People look in my windows. I’m not kidding. I think it’s a small town thing. When I lived in a big city, as far as I know, only anonymous people might have looked in my windows. Even in suburbs, people don’t admit they might look in your windows, or they draw their blinds so neither one of you can see each other. Here, they call me to tell me to stop wasting my time on the computer, try a different shampoo (since this one seems to be making my head itch) or that my kids are staying up too late.
I got a call from my neighbor lady one day, asking me what was wrong with my boobs. I had been sitting at the dining room table, scratching my tit under my bra (ladies, you know how that is), thinking myself alone and unobserved. Then I felt a middle-aged hair nub, looked at my boob to confirm it, and went to the bathroom to pluck it. By the time it was plucked, the phone was ringing.
“What’s wrong with your boob? Got a lump?” asked my neighbor lady.
“WHAT?” I replied.
“I was driving by and looked over at your house and noticed you were looking in your shirt. Are you OK?” she answered.
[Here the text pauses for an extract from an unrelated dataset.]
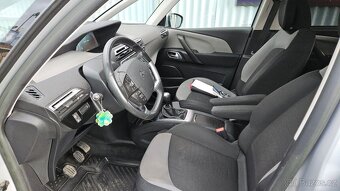 CITROEN C4 PICASO 1,6 HDI 115 INTENSIVE - 9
“Ohmygod. It was a hair; it itched.” I replied, with great embarrassment.
“Oh, thank God,” she said, “my sister just found out she has a lump, and lumps were on my mind.”
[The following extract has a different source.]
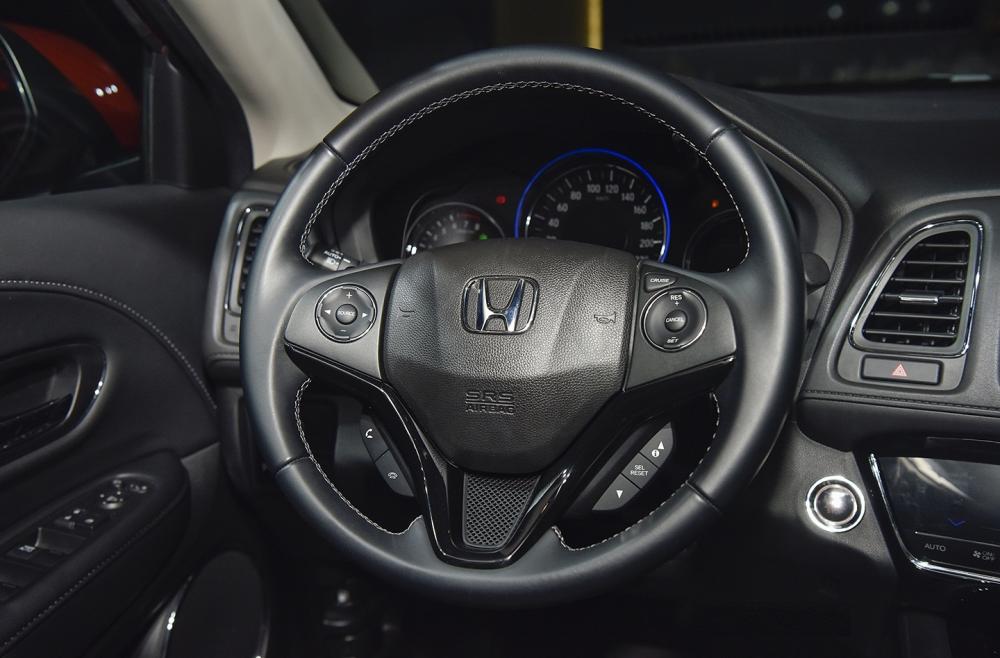 Đánh giá Honda HR-V 2019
It’s not so bad having everyone else in my business if my kids have been acting up somewhere off my radar, that I suppose I need to know about, but I do kind of feel weirded out by the idea of being watched through my windows. I suppose I have a mental mindset that windows are for looking out of, not into, since I don’t look into any windows other than shop windows. I would make a lousy spy and an even worse peeping Tom; people would have to be doing stuff on their front lawn, and loudly, for me to notice.
Oh, well, me and my well-harnessed rack are off to do chores in front of windows. Then we might lollygag behind a blank wall, just in case.